To resist the discourse on quality as an objective phenomenon, Dahlberg et al. (2013) build on postmodern ontology “with knowledge of the world understood to be ‘socially constituted, historically embedded and valuationally based’” (Lather, 1991, p. 53 in Dahlberg et al., 2013, p. 24), what again creates a base for acknowledgement of ‘perspectival realities’ (Gergen, 1990). When transposing the postmodern ontology onto work with quality, Dahlberg et al. highlight also the importance of creating an arena for sharing the perspectives (perceptions, values, and views) on good education and good lives for our children; and thus exposing each other to an other meaning. Similar to Biesta (2004), they argue for authentic questions and answers about issues that we truly care about, like, for example, “What do we want for our children? What is a good childhood?” (Dahlberg et al., 2013, p. 114). They relate such practices to situated meaning-making, where, from shared perspectives, new ones can be created, sensitive and relevant for the local context. They also, however, encourage reflexive thinking and the process of asking about the conditions for the appearance of diverse meanings, deconstruction, and problematisation. Including the perspectives of more-than-parents, ECEC staff, children, and owners is seen as constitutive for meaning-making and an invitation for the participation of more “wise people, drawn from a range of backgrounds and experience, including pedagogical work and philosophy” (p. 114). Including so diverse actors and stakeholders – with potentially very different perspectives and experiences – shall protect from an illusion of polyvocality (Ewick and Silbey, 1995) and open up for diverse logics and modes of communication.

The creation of such dialogues also requires respect and “sensitivity to hear others’ voices, the ability to see the Other as equal but different and the capacity to reverse perspectives” (Benhabib, 1992 in Dahlberg et al., 2013, p. 114). In relation to more-than-parental involvement, this process requires not only the ethics of professionals, but also openness and respect among the parents. This perspective is anchored in the Western concept of dialogue as “the right” setting and way of sharing diverse meanings, but at the same time creates a spaces where not only representative voices of rational community members can be articulated (Biesta, 2004). The example presented below shows, however, how easily the western understanding of (rational) dialogue as the best strategy to let the parents articulate their meanings, can unintentionally exclude a wide range of voices and expressions.

“When We Wanted to Talk, They Kept Quiet. When We Organised a Dinner Party, They Sang and Danced”

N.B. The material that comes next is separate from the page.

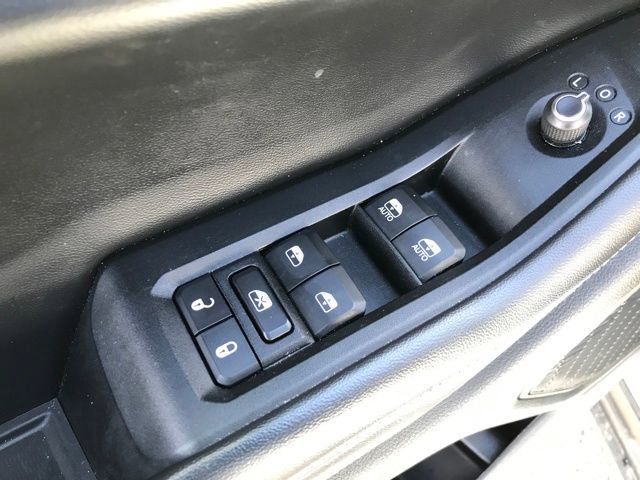 Used 2023 Jeep Grand Cherokee Altitude AWD/4WD image 16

This empirical example is based on a story written by one ECEC teacher, who led a developmental project on collaboration with parents and caregivers. The focus of the quality development project was to increase the experienced quality of the daily meetings between the children and the staff during the dropping-off and picking-up of the children. The ECEC setting was located in the centre of a Norwegian city and was attended by children from diverse cultural and lingual backgrounds. Over 75% of the families were of im/migrant and refugee backgrounds. Aware of the different meanings associated with a good drop-off of pick-up, the ECEC decided to ask the parents about their perspectives:

In advance of the meeting, we arranged for translators of all the languages represented by the families. We also asked parents who spoke Norwegian well to translate during the meeting. Having made sure that every family would understand and be able to articulate their own meanings, we asked them how they perceived the picking-up and dropping-off situations. They were supposed to work in groups (52 parents made 7 groups), and one of the parents or one of us would write down the answers on a big piece of paper. We should have got 7 papers filled with parental meanings but we got 5 empty papers back; on one, “it’s fine” was written, and the third, written by Norwegian parents, was full of positive feedback and suggestions for improvements, both in terms of the organisation of the interior and the attitudes and activities of the staff.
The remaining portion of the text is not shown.